Work required.
Transcribe the data verbatim and drop its images.

Source records.
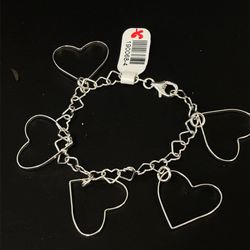 925 Silver 7” Heart Bracelet 7.50g 190068/4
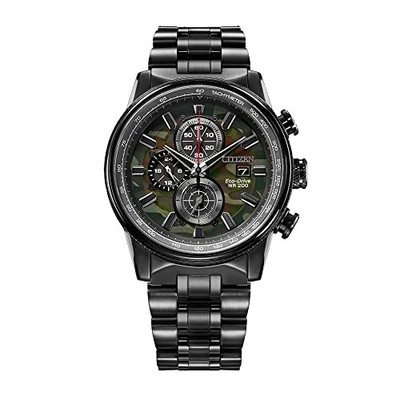 Citizen Herren Eco-Drive Nighthawk Chronograph Uhr 43mm Schwarz Grün CA0805-53X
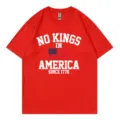 Dames rood korte mouw ronde hals t-shirt met patriottische Amerika slogan print casual top - S / Tops / Rood
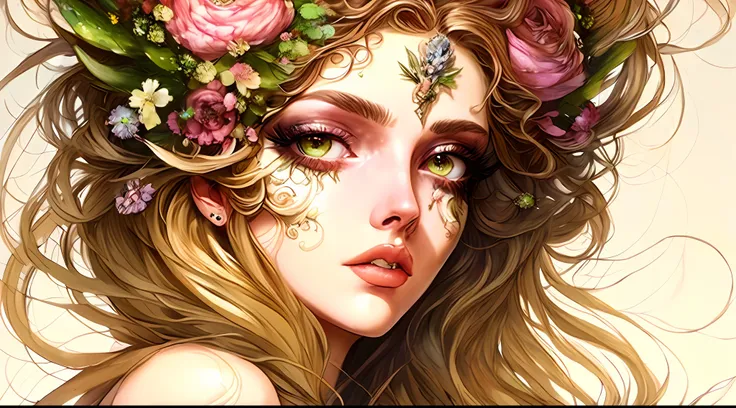 /imagine prompt: uma mulher loira de cabelos longos com olhos fechados , fairy, mother nature, siderotype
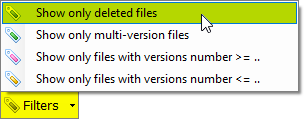 Filters, Show only deleted files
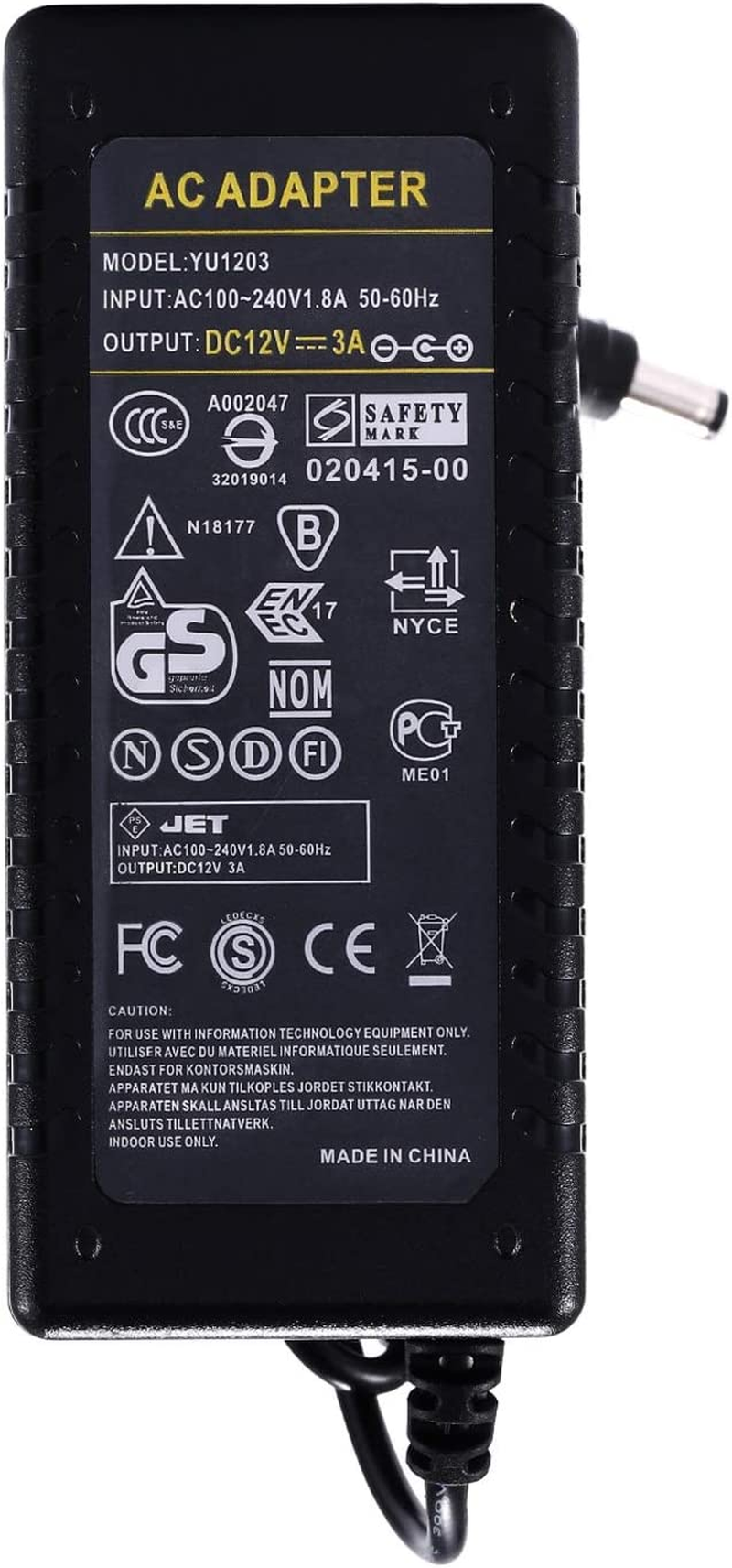 12V 3A Power Supply, Cfsadapter AC 100-240V to DC 12V 3A Power Adapter 36W Charger Led Driver for LED Strip Light CCTV Camera image number 3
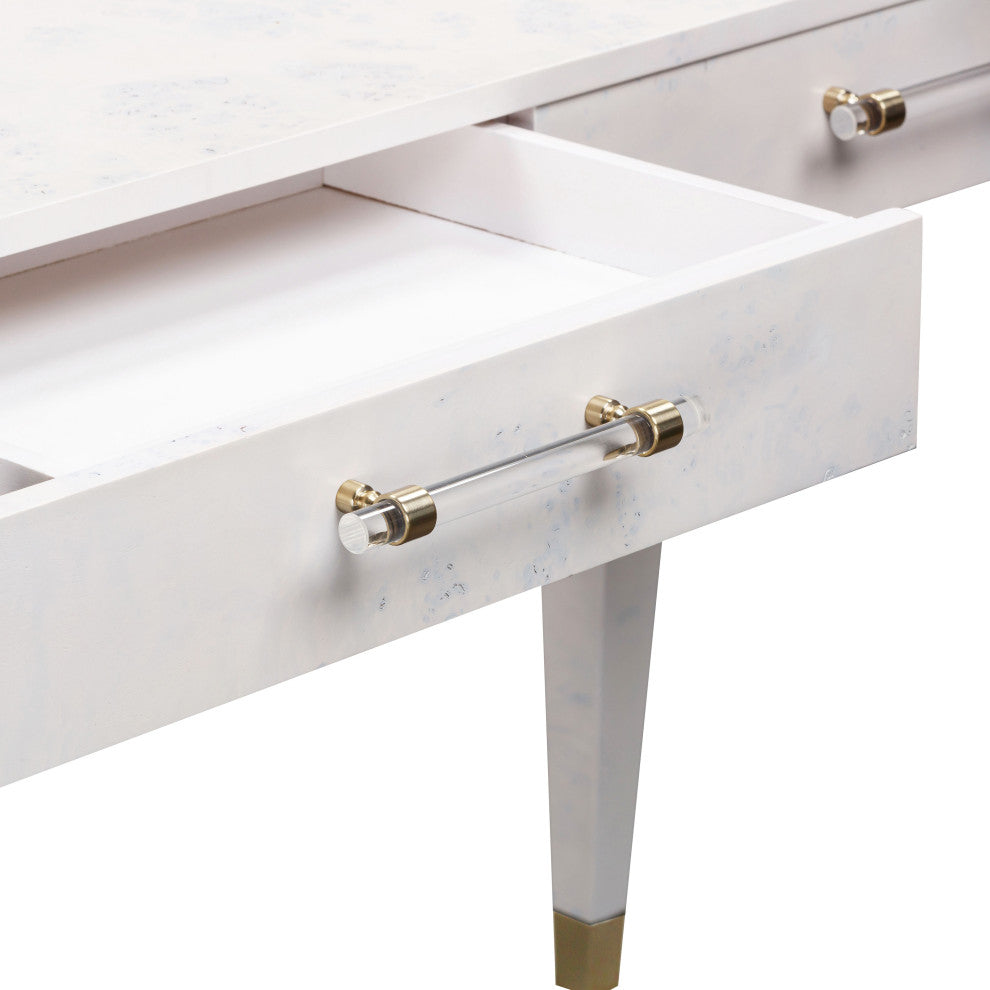 Brandyss Burl Work Desk, White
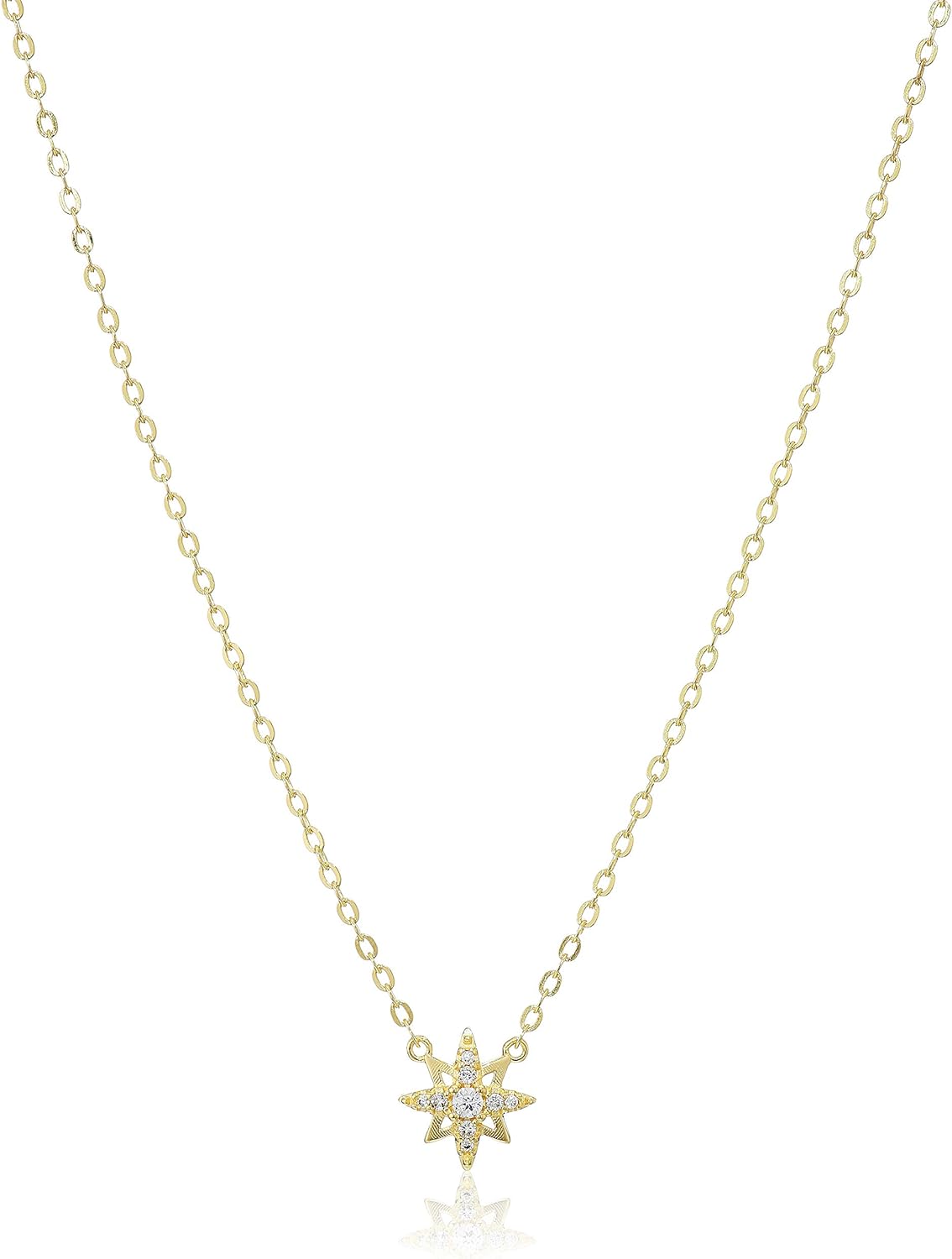 Amazon Essentials Cubic Zirconia North Star Necklace with Cable Chain in Sterling Silver, 18″ , (previously Amazon Collection) Amazon Essentials Cubic Zirconia North Star Necklace with Cable Chain in Sterling Silver, 18″ , (previously Amazon Collection)
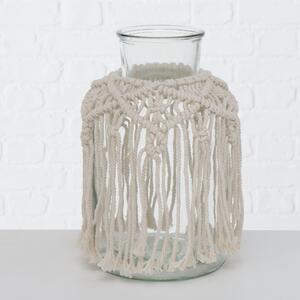 Makramee Dekoratív Üveg Váza, Krém, Különböző Modellek, Ø18xM30 cm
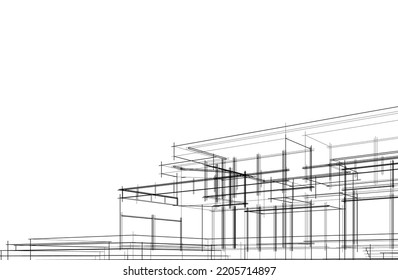 Architekturzeichnung, Vektorgrafik 3D-Illustration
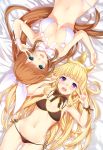  2girls :d bangs bikini black_bikini blonde_hair blunt_bangs bokokichi_(you) bow bow_bikini breasts brown_hair cagliostro_(granblue_fantasy) choker clarisse_(granblue_fantasy) cleavage from_above granblue_fantasy green_eyes headgear long_hair looking_at_viewer lying multiple_girls navel on_back on_bed open_mouth pom_pom_(clothes) ponytail side-tie_bikini small_breasts smile swept_bangs swimsuit v v_over_eye violet_eyes white_bikini white_swimsuit wrist_bow wrist_ribbon 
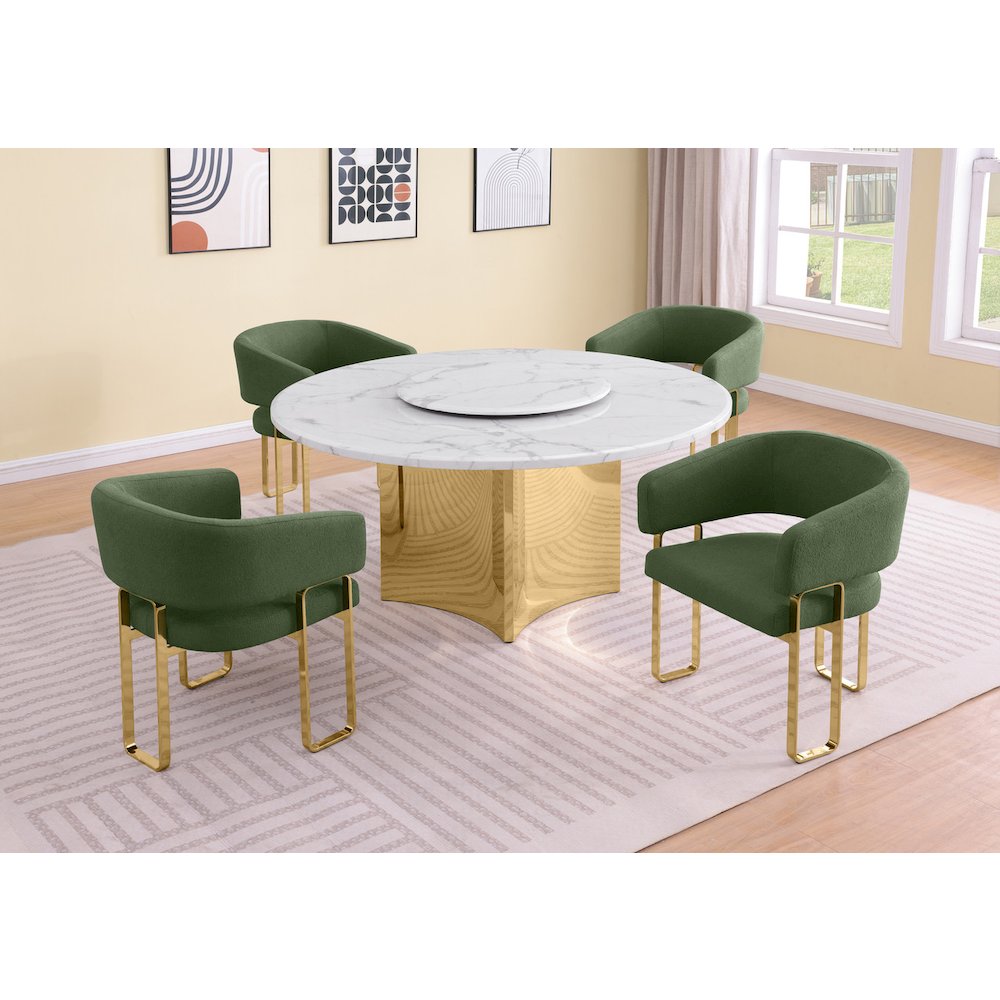 5pc Circle Marble Top With Lazy Susan and 4 Gray Tri-Leg Desing Gold Base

Exercise output.
 925 Silver 7” Heart Bracelet 7.50g 190068/4
 Citizen Herren Eco-Drive Nighthawk Chronograph Uhr 43mm Schwarz Grün CA0805-53X
 Dames rood korte mouw ronde hals t-shirt met patriottische Amerika slogan print casual top - S / Tops / Rood
 /imagine prompt: uma mulher loira de cabelos longos com olhos fechados , fairy, mother nature, siderotype
 Filters, Show only deleted files
 12V 3A Power Supply, Cfsadapter AC 100-240V to DC 12V 3A Power Adapter 36W Charger Led Driver for LED Strip Light CCTV Camera image number 3
 Brandyss Burl Work Desk, White
 Amazon Essentials Cubic Zirconia North Star Necklace with Cable Chain in Sterling Silver, 18″ , (previously Amazon Collection) Amazon Essentials Cubic Zirconia North Star Necklace with Cable Chain in Sterling Silver, 18″ , (previously Amazon Collection)
 Makramee Dekoratív Üveg Váza, Krém, Különböző Modellek, Ø18xM30 cm
 Architekturzeichnung, Vektorgrafik 3D-Illustration
  2girls :d bangs bikini black_bikini blonde_hair blunt_bangs bokokichi_(you) bow bow_bikini breasts brown_hair cagliostro_(granblue_fantasy) choker clarisse_(granblue_fantasy) cleavage from_above granblue_fantasy green_eyes headgear long_hair looking_at_viewer lying multiple_girls navel on_back on_bed open_mouth pom_pom_(clothes) ponytail side-tie_bikini small_breasts smile swept_bangs swimsuit v v_over_eye violet_eyes white_bikini white_swimsuit wrist_bow wrist_ribbon 
 5pc Circle Marble Top With Lazy Susan and 4 Gray Tri-Leg Desing Gold Base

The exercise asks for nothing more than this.